This renewed interest in the Shah-nameh resulted in Iranians increasingly selecting their children's names from it, which "signaled an important aesthetic shift in the constitution of both personal and national identities" (Tavakoli-Targhi 2001, 98). Iranians seek their (heroic) true identities within its pages and it oral recitation. More than 20 editions were published in Iran and India (where Persian was an official language until the 1830s) during the nineteenth century (Tavakoli-Targhi 2001, 97).

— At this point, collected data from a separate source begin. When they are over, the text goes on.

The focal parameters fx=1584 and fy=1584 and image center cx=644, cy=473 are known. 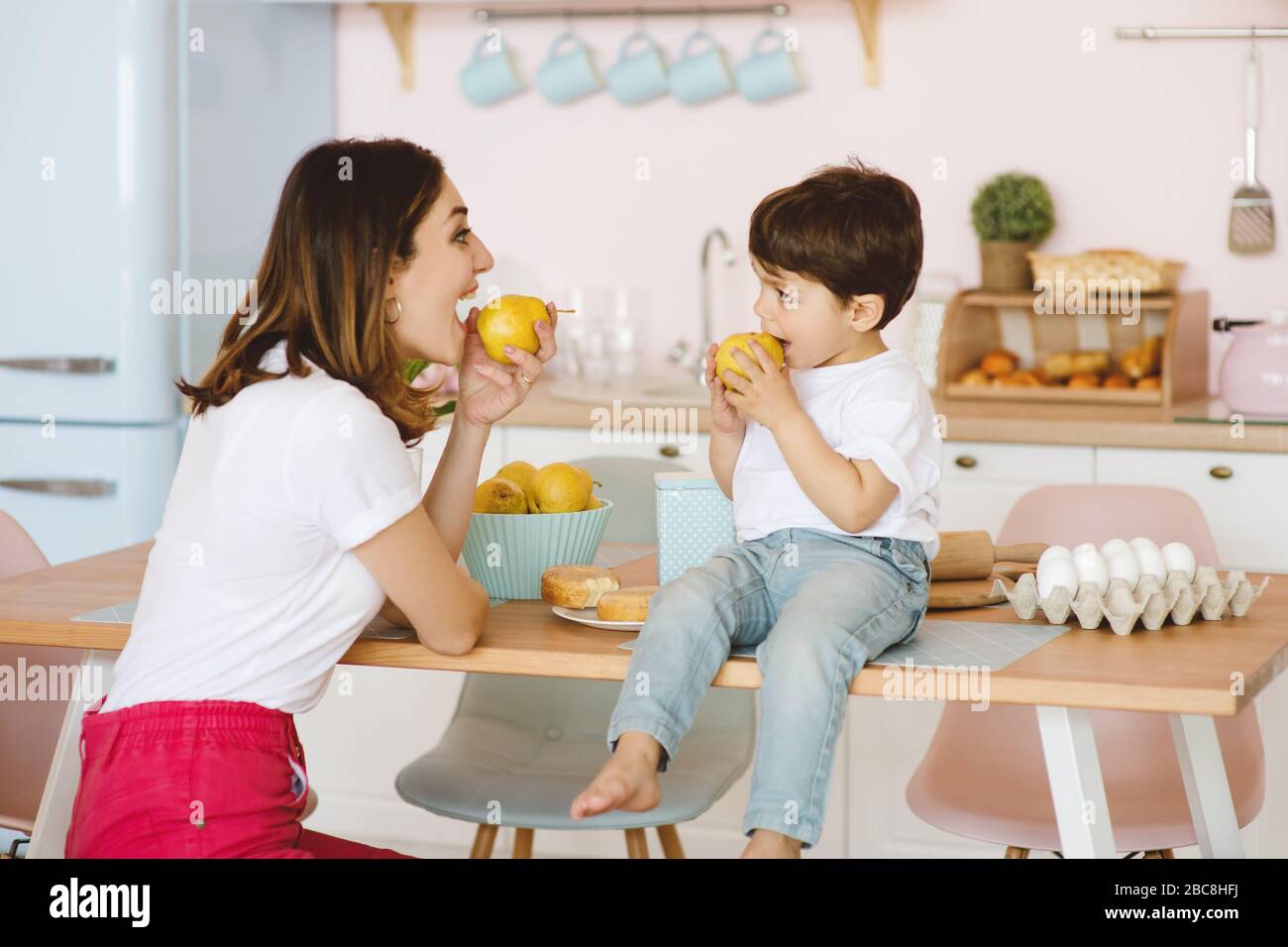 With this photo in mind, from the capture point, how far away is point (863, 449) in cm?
144

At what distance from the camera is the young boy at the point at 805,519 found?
124cm

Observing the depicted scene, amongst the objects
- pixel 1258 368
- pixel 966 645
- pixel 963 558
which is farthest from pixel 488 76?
pixel 966 645

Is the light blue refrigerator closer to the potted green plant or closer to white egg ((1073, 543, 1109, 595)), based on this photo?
the potted green plant

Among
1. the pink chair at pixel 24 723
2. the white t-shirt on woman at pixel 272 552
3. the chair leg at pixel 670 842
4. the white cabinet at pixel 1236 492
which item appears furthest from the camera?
the white cabinet at pixel 1236 492

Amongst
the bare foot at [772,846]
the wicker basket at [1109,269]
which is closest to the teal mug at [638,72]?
the wicker basket at [1109,269]

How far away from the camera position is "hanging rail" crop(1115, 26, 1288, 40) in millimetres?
2949

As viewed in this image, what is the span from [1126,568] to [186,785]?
32.3 inches

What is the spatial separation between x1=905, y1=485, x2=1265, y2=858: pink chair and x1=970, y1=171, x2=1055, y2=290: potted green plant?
105cm

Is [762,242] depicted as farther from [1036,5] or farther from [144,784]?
[1036,5]

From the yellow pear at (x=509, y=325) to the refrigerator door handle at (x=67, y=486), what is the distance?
179 cm

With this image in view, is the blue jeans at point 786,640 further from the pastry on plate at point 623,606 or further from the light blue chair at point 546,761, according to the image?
the light blue chair at point 546,761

Persian Literature scholar Olga M. Davidson locates some of its elements not "only to Parthian Arsacid times. Rather, they can be traced all the way back to the remotest Indo-Iranian and even Indo-European layers of the classical Persian language" (1994, 6). Certainly, I cannot make such claims of great antiquity, the existence of bards singing epic songs can be identified in the earliest times in Iranian history, and importantly through the naqāl, the storyteller, into the present. "Because we do have evidence, thanks to Mary Boyce's [Iranian historian] survey of the Arsacid period and beyond, for thinking that the 'book of kings' tradition was indeed a matter of oral poetry, we have a sound theoretical basis for positing the continuity of Indo-European traditions up to Ferdowsi" (Davidson 1994, 7). Davidson characterizes the Shah-nameh as "a formal and traditional expression of how Iranian society views itself and how it wishes to be remembered through the ages. . . it is a majestically vast poem concerned with the very identity of Iran as a nation . . ." (1994, 9-10; 15). Today, in Los Angeles, many individuals in the Iranian community gather to hear the Shahnameh.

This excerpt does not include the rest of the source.